#### EXERCISE AIM
Would you please copy the part of the material below that opens with the line containing "QwikSwitch- 5A ON/OFF Relay (QS-R-S5)" and closes with the line containing "Радужные обои для стен"? Copy it exactly, and only it.

#### MATERIAL FOR THE TASK
===

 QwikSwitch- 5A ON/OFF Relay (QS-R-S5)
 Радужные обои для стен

===

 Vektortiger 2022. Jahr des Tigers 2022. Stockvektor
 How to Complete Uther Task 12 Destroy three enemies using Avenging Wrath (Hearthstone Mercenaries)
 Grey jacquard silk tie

===

#### FINISHED TASK
 QwikSwitch- 5A ON/OFF Relay (QS-R-S5)
 Радужные обои для стен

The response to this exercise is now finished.